[Extracted material Boundary: Start]
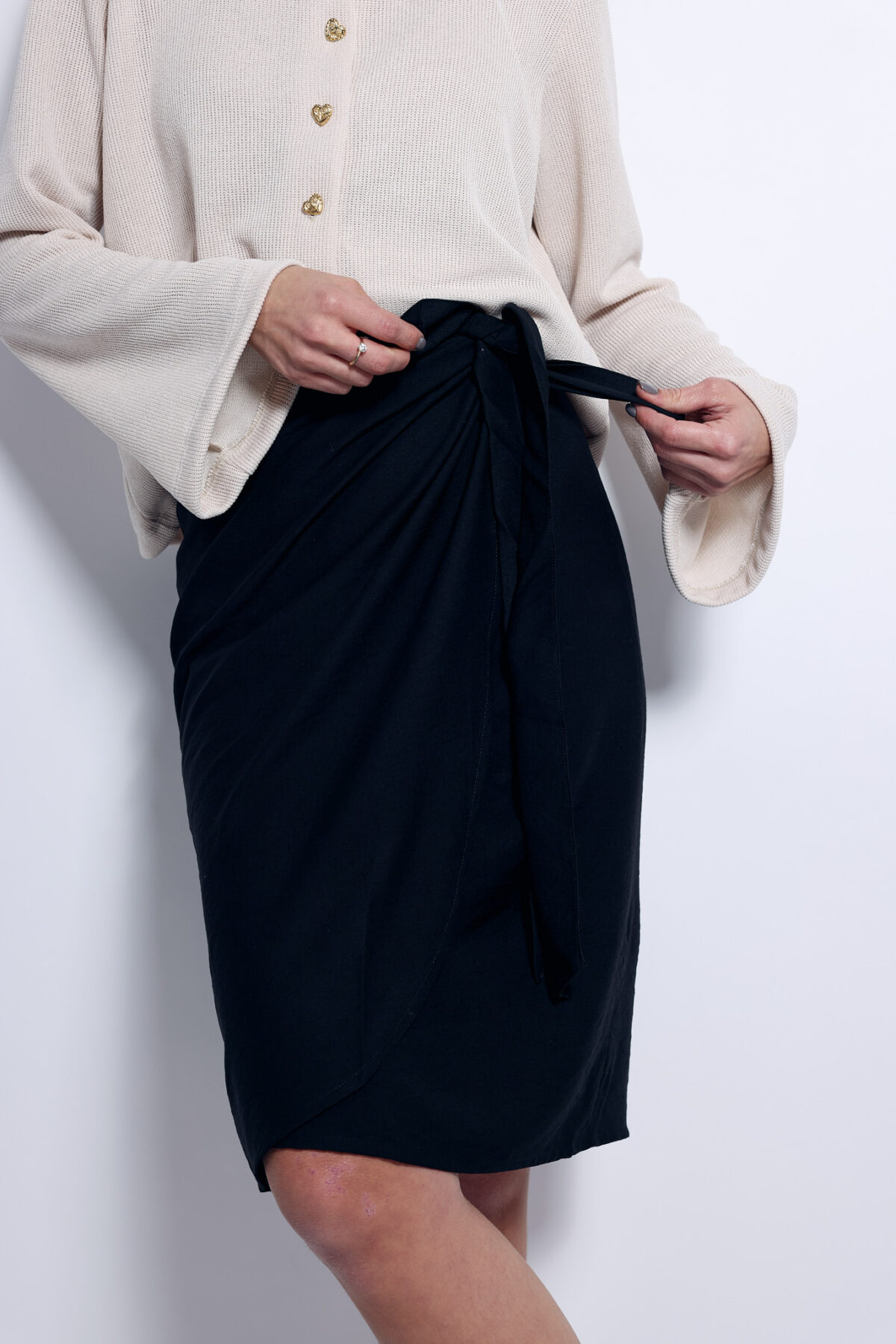 ⁦חצאית מעטפת שחורה⁩ – תמונה ⁦5⁩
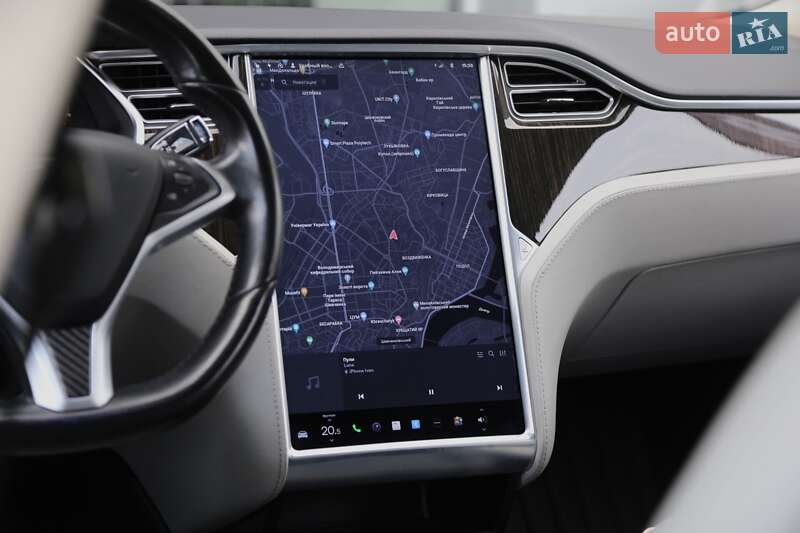 Ліфтбек Tesla Model S 2013 в Києві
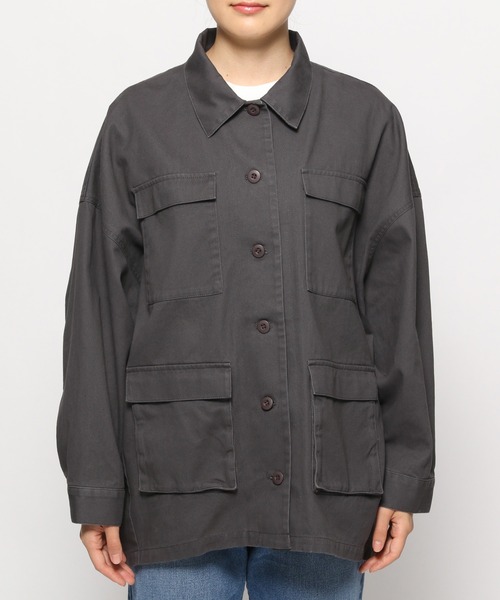 LEPSIM（レプシィム）の「ミリタリードルマンシャツジャケット　959128（ミリタリージャケット・レディース・チャコールグレー/カーキ・FREE）」の14枚目の写真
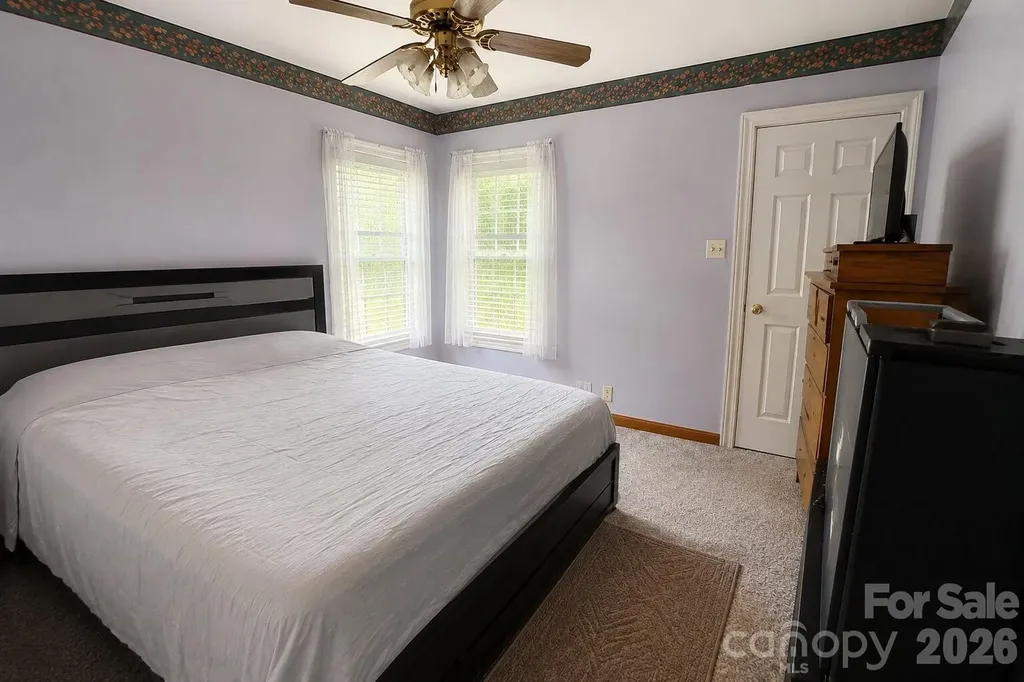 6999 Ingleside Drive Sherrills Ford NC 28673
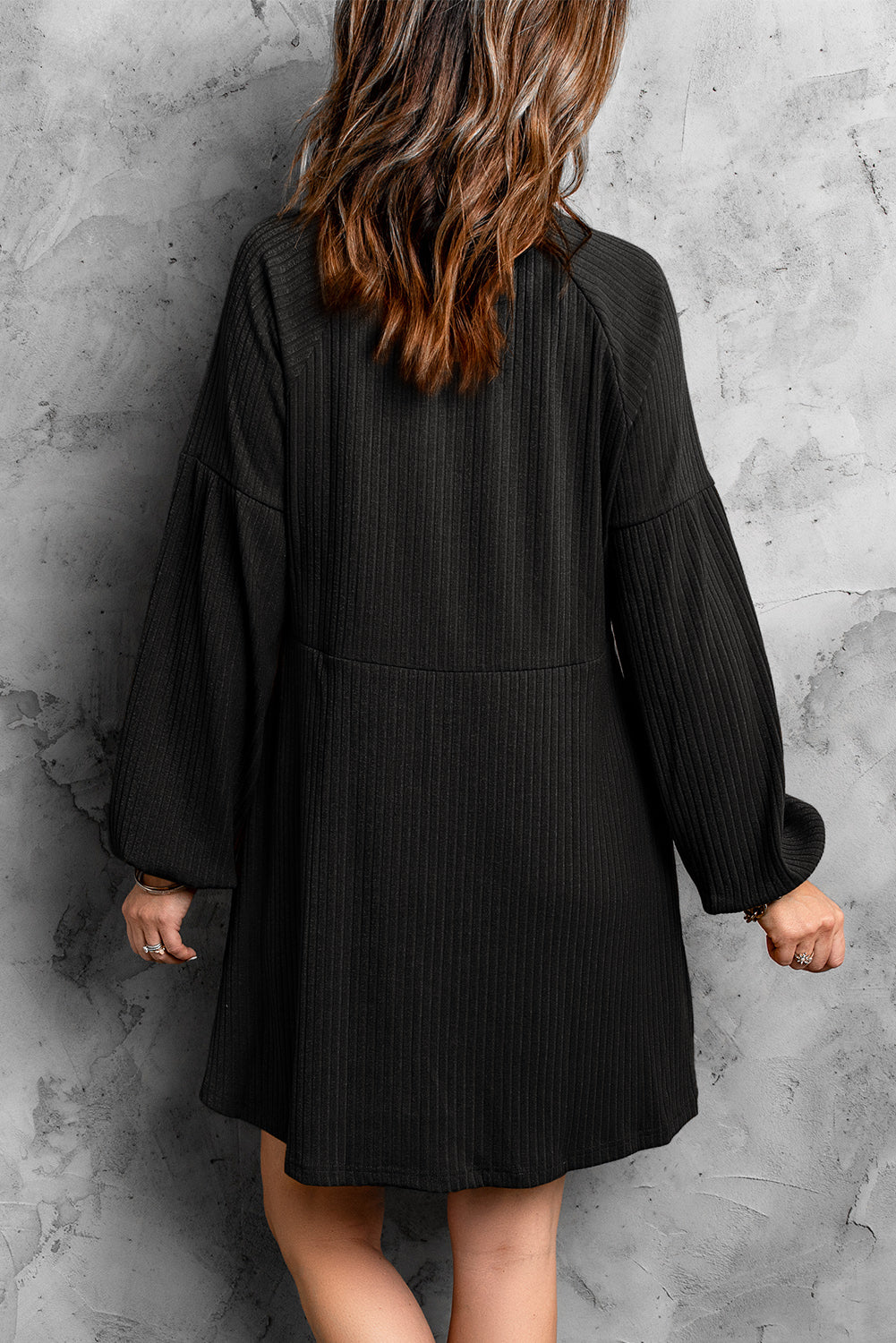 Black Round Neck Empire Waist Ribbed Knit Dress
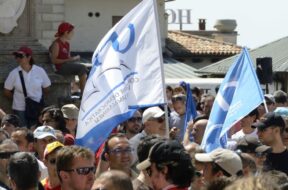 585 sciopero22-6-12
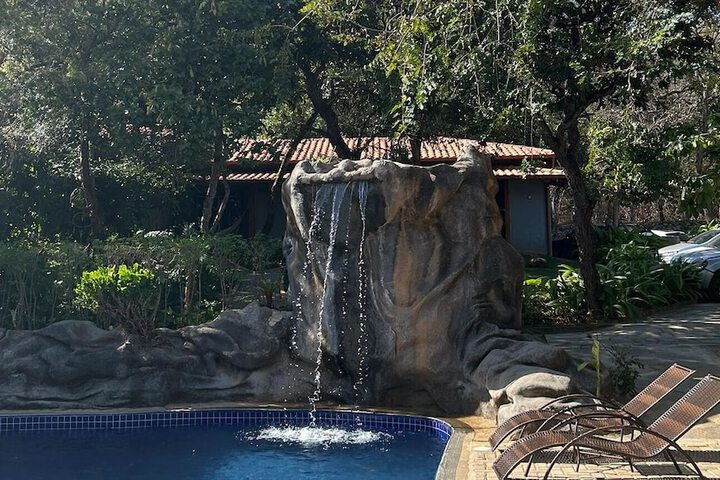 Pool 27 of 39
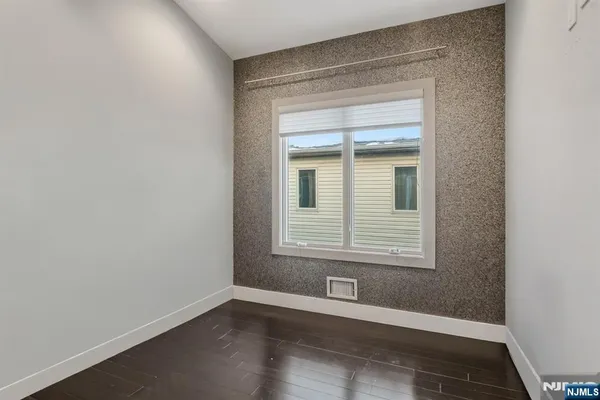 $1,490,000 | 760 Undercliff Avenue, Edgewater, NJ 07020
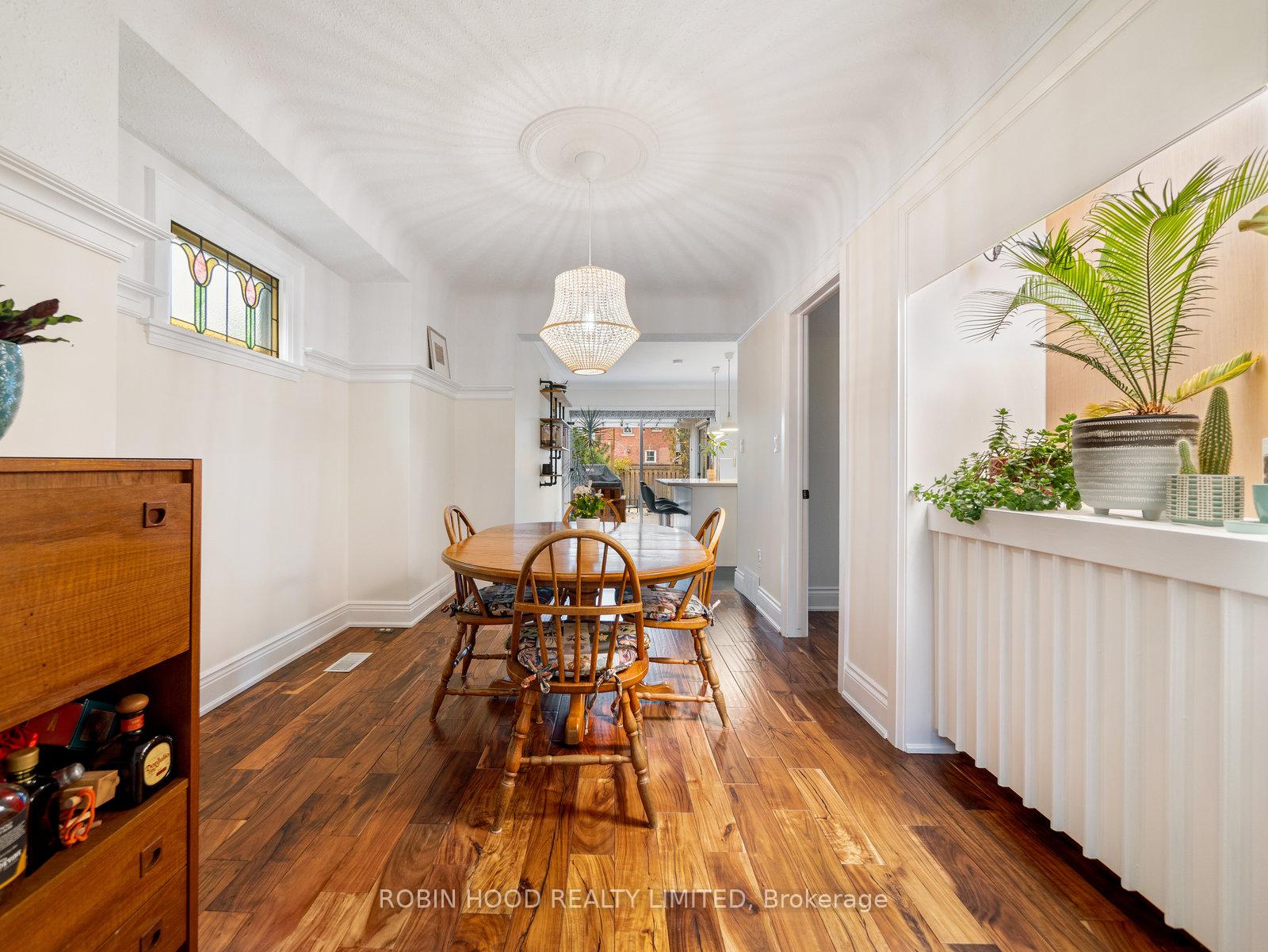 Photo 8 of 87 Park Row S, Hamilton, Delta — HOMEH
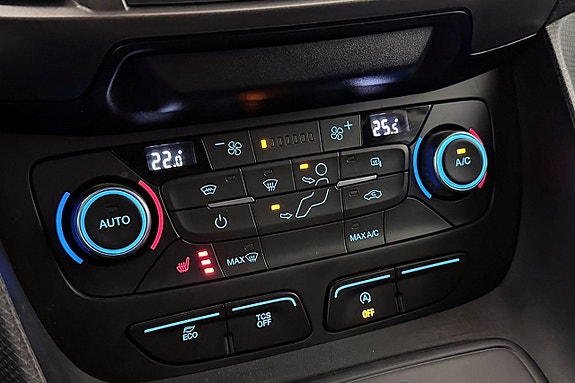 Ford Transit Connect 20 of 23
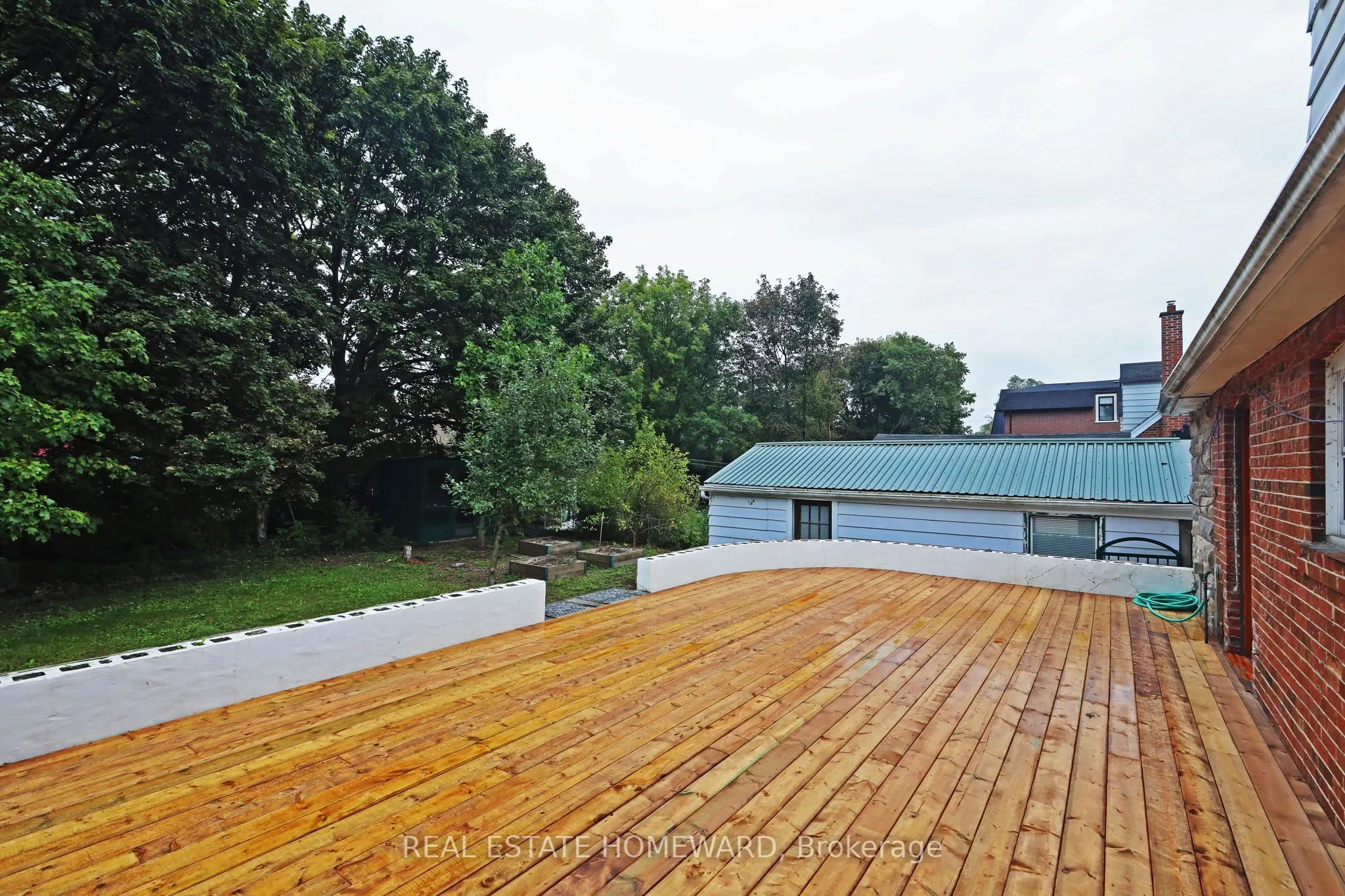 9 Dromore Crescent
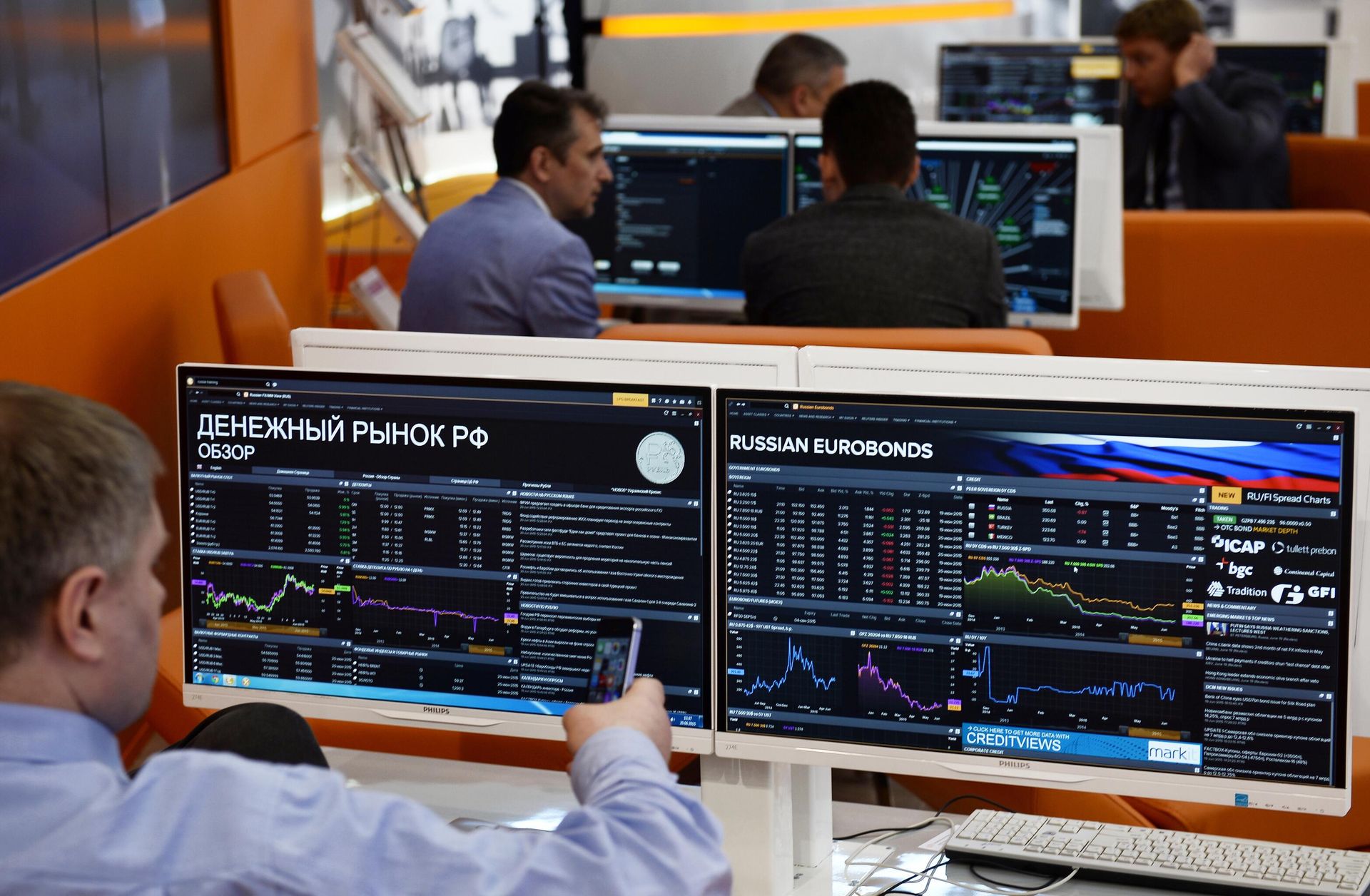 Мониторы с информацией о состоянии денежного рынка РФ Мониторы с информацией о состоянии денежного рынка РФ - РИА Новости, 1920, 22.07.2021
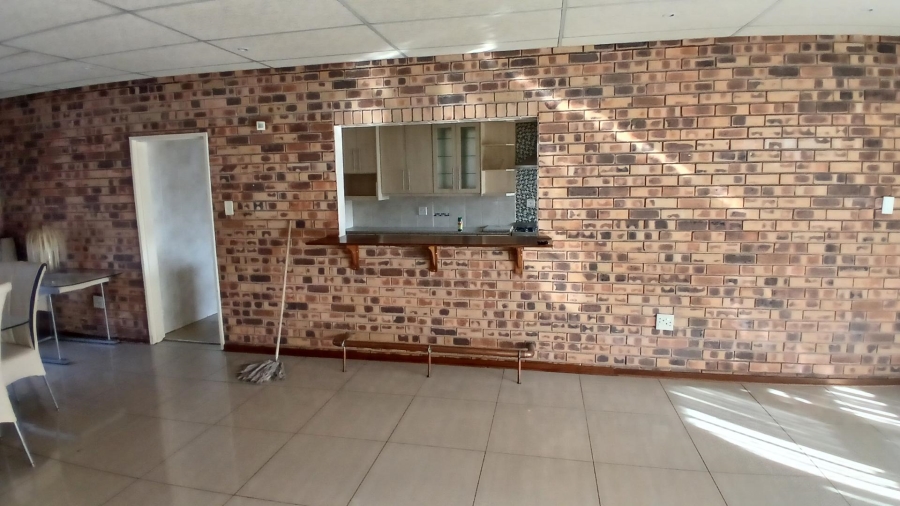 3 Bedroom Property for Sale in Universitas Ridge Free State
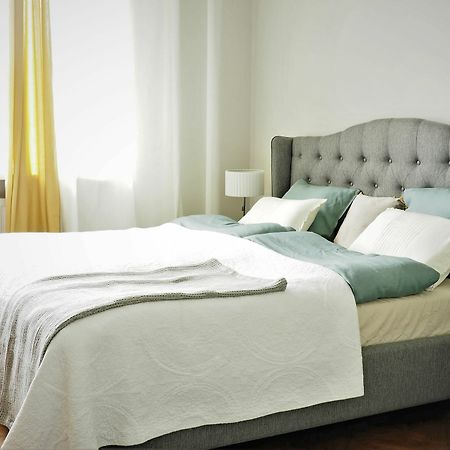 Classic Apartment In Varsavia Esterno foto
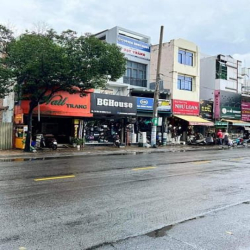 Bán nhà mặt tiền chỉ 8 tỷ đang cho thuê 23tr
[Extracted material Boundary: End]
— Aim of the exercise —
Go back to the lines above and output, exactly as they stand, the ones from the line containing "Ліфтбек Tesla Model S 2013 в Києві" to the line containing "3 Bedroom Property". Leave all pictures behind.

— Your solution —
 Ліфтбек Tesla Model S 2013 в Києві
 LEPSIM（レプシィム）の「ミリタリードルマンシャツジャケット　959128（ミリタリージャケット・レディース・チャコールグレー/カーキ・FREE）」の14枚目の写真
 6999 Ingleside Drive Sherrills Ford NC 28673
 Black Round Neck Empire Waist Ribbed Knit Dress
 585 sciopero22-6-12
 Pool 27 of 39
 $1,490,000 | 760 Undercliff Avenue, Edgewater, NJ 07020
 Photo 8 of 87 Park Row S, Hamilton, Delta — HOMEH
 Ford Transit Connect 20 of 23
 9 Dromore Crescent
 Мониторы с информацией о состоянии денежного рынка РФ Мониторы с информацией о состоянии денежного рынка РФ - РИА Новости, 1920, 22.07.2021
 3 Bedroom Property for Sale in Universitas Ridge Free State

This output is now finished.